Pada Kamis (20/3/2024), DPR RI mengesahkan revisi Undang-Undang Nomor 34 Tahun 2004 tentang Tentara Nasional Indonesia (TNI) dalam rapat paripurna. Revisi UU TNI ini mengubah sejumlah pasal terkait tugas dan kewenangan pokok TNI, meskipun menuai kritik dan penolakan dari berbagai elemen masyarakat. Pengesahan ini dilakukan bersamaan dengan gelombang aksi unjuk rasa di depan Gedung DPR, yang menuntut penolakan terhadap revisi UU TNI.
Poin-Poin Kontroversial dalam Revisi UU TNI
Revisi UU TNI 2025 memuat beberapa pasal yang dinilai bermasalah, di antaranya:
- Perluasan Jabatan Sipil untuk TNI Aktif:
TNI aktif kini dapat menempati 16 kementerian/lembaga, meningkat dari sebelumnya yang hanya membatasi 10 jabatan sipil. Hal ini dikhawatirkan akan memperluas peran militer dalam sektor sipil. - Usia Pensiun yang Diperpanjang:
Pasal 53 dalam draf RUU mengatur usia pensiun prajurit TNI bervariasi antara 55-62 tahun, yang dinilai dapat mempertahankan dominasi militer dalam pemerintahan. - Penambahan Kewenangan dan Tugas TNI:
Kewenangan dan tugas TNI bertambah dari 14 menjadi 17 tugas operasi militer selain perang, yang berpotensi meningkatkan intervensi militer dalam urusan sipil.
Kekhawatiran Masyarakat dan Aksi Penolakan
Berbagai elemen masyarakat, termasuk mahasiswa dan profesional, menggelar aksi demonstrasi di depan Gedung DPR pada Kamis (20/3/2025). Mereka menolak revisi UU TNI yang dinilai akan menghidupkan kembali dwifungsi militer, seperti yang pernah diterapkan pada era Orde Baru. Kekhawatiran utama adalah dominasi militer dalam kehidupan politik dan sipil, yang dapat mengancam proses demokratisasi di Indonesia.
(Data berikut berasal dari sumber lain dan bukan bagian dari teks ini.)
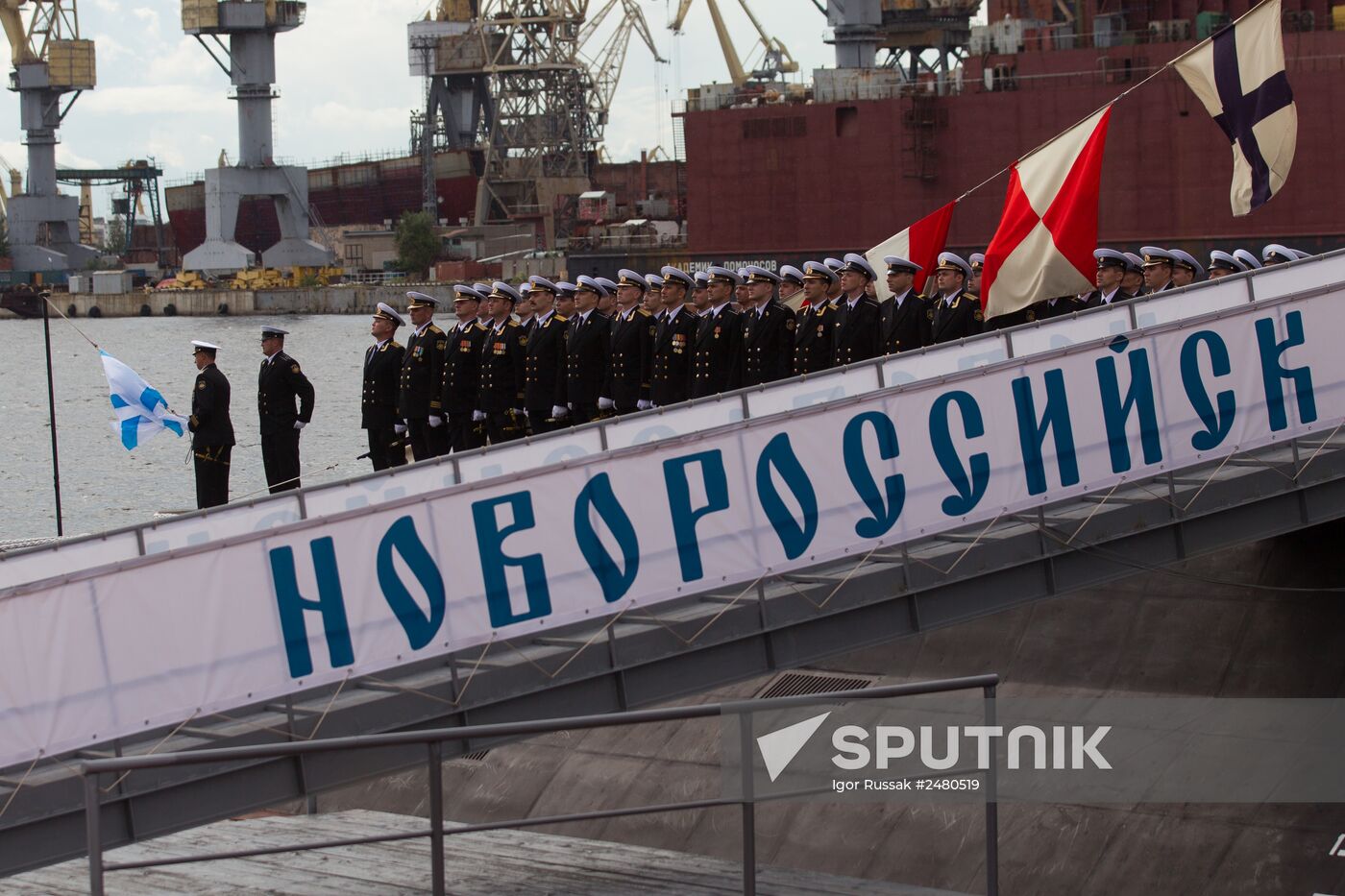 Official ceremony of raising Russian Navy colors on Novorossiysk diesel-electric submarine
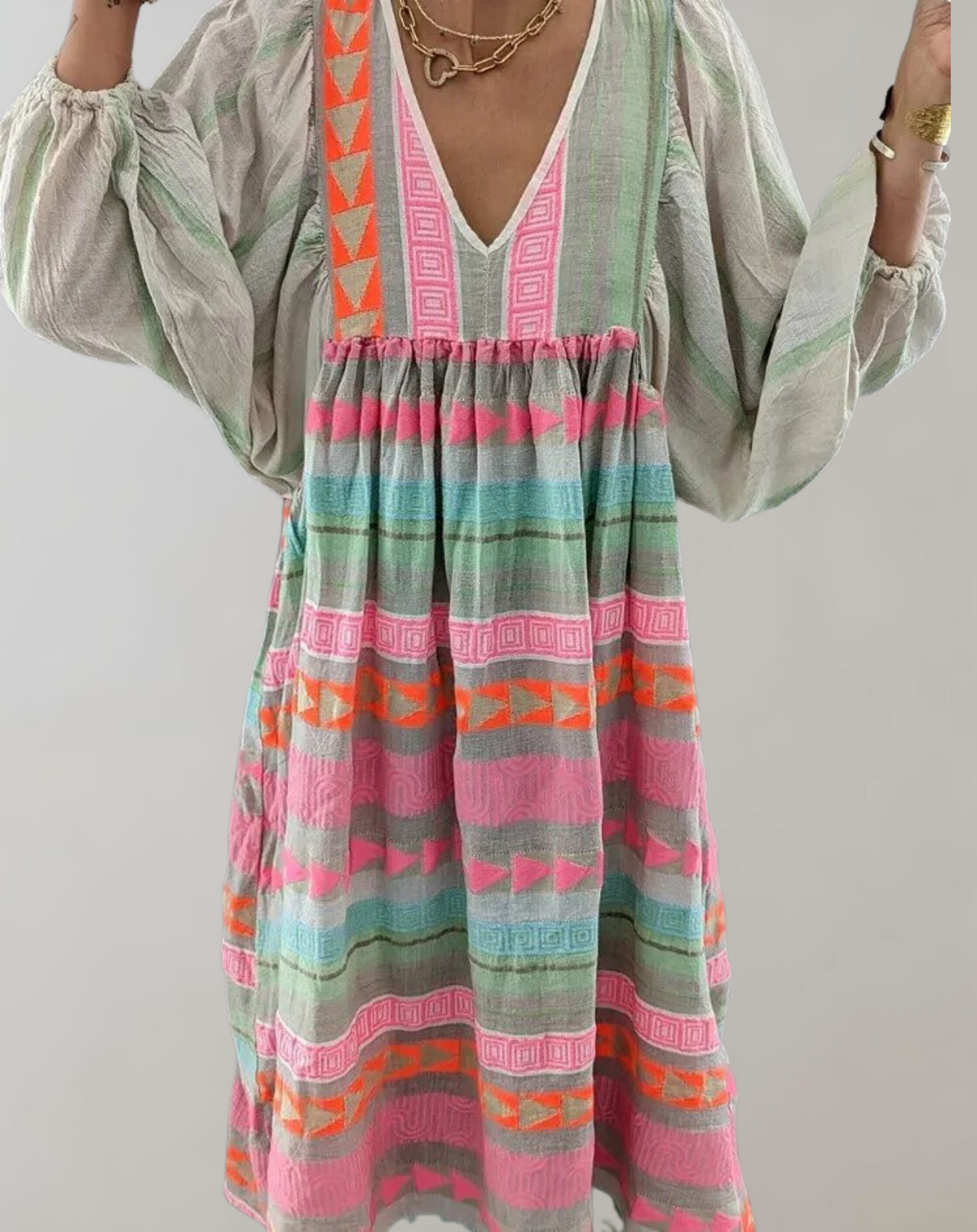 Dam Klänning Geometrisk V-ringning Lätt Material Boho Stil 3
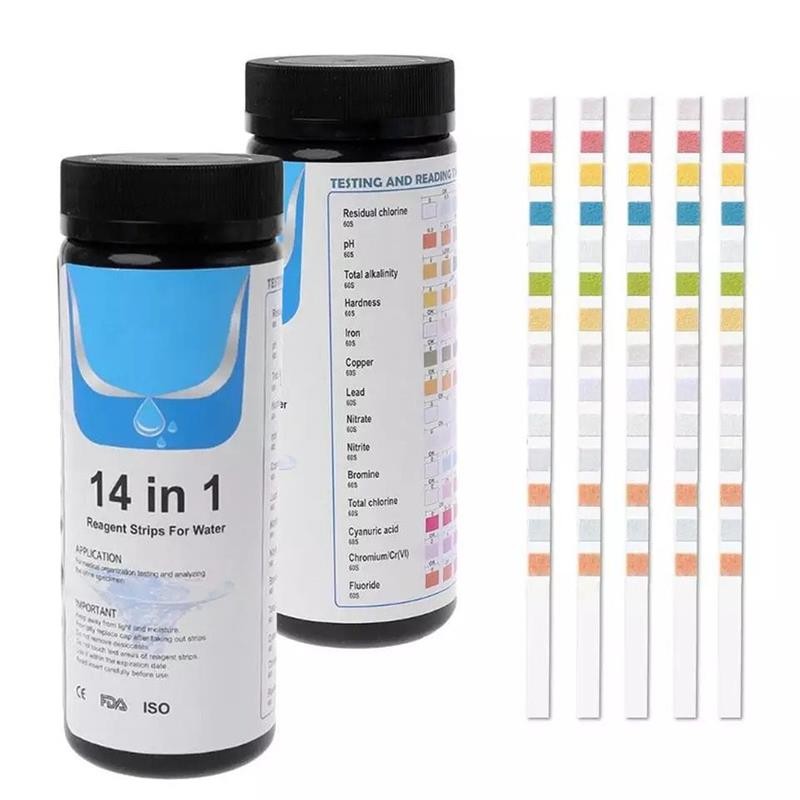 Multifunction 14-in 1 ph test paper 50pcs/ set Swimming Pool Test Paper Chlorine Strips for Chlorine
Massa aksi menyuarakan tujuh tuntutan utama, yaitu:
- Menolak revisi UU TNI.
- Menolak kembalinya dwifungsi militer.
- Menarik militer dari jabatan sipil dan mengembalikan TNI ke barak.
- Menuntut reformasi institusi TNI.
- Membubarkan komando teritorial.
- Mengusut tuntas kasus korupsi dan bisnis militer.
- Memastikan partisipasi publik dalam pembahasan RUU TNI.
Pengawasan dan Kritik dari Pakar
Direktur The Indonesian Intelligence Institute, Ridwan Habib, menekankan pentingnya pengawasan terhadap pelaksanaan UU TNI. Menurutnya, pengawasan harus dilakukan secara internal oleh TNI dan eksternal oleh DPR. Jika kedua mekanisme ini tidak berjalan, publik dapat melakukan pengawasan melalui diskusi publik hingga aksi unjuk rasa.
Ridwan juga menyoroti lemahnya komunikasi publik dalam sosialisasi revisi UU TNI. Padahal, rencana revisi ini telah dibahas sejak pemerintahan Joko Widodo. “Di sinilah perlunya orang-orang di pusat penerangan TNI memiliki gaya komunikasi yang humanis. Jadi aksi-aksi penolakan tidak perlu ditanggapi berlebihan,” ujarnya dalam perbincangan dengan RRI Pro 3, Kamis (20/3/2024).
Pengamanan Aksi Unjuk Rasa
Sebanyak 5.021 personel gabungan dari Polda Metro Jaya, Polres Metro Jakarta Pusat, TNI, Pemerintah Provinsi DKI Jakarta, dan instansi terkait lainnya dikerahkan untuk mengamankan aksi unjuk rasa. Kapolres Metro Jakarta Pusat, Komisaris Besar Polisi Susatyo Purnomo Condro, menyatakan bahwa pengamanan dilakukan untuk memastikan aksi berjalan tertib dan mencegah peserta unjuk rasa memasuki Gedung DPR.
Aksi Serentak di Berbagai Daerah
Aksi penolakan terhadap revisi UU TNI tidak hanya terjadi di Jakarta, tetapi juga digelar secara serentak di Aceh, Sumatera Utara, Kalimantan Barat, Jawa Barat, Banten, Jawa Tengah, Jawa Timur, Bali, dan daerah lainnya. Hal ini menunjukkan bahwa penolakan terhadap revisi UU TNI menyebar luas di berbagai wilayah di Indonesia.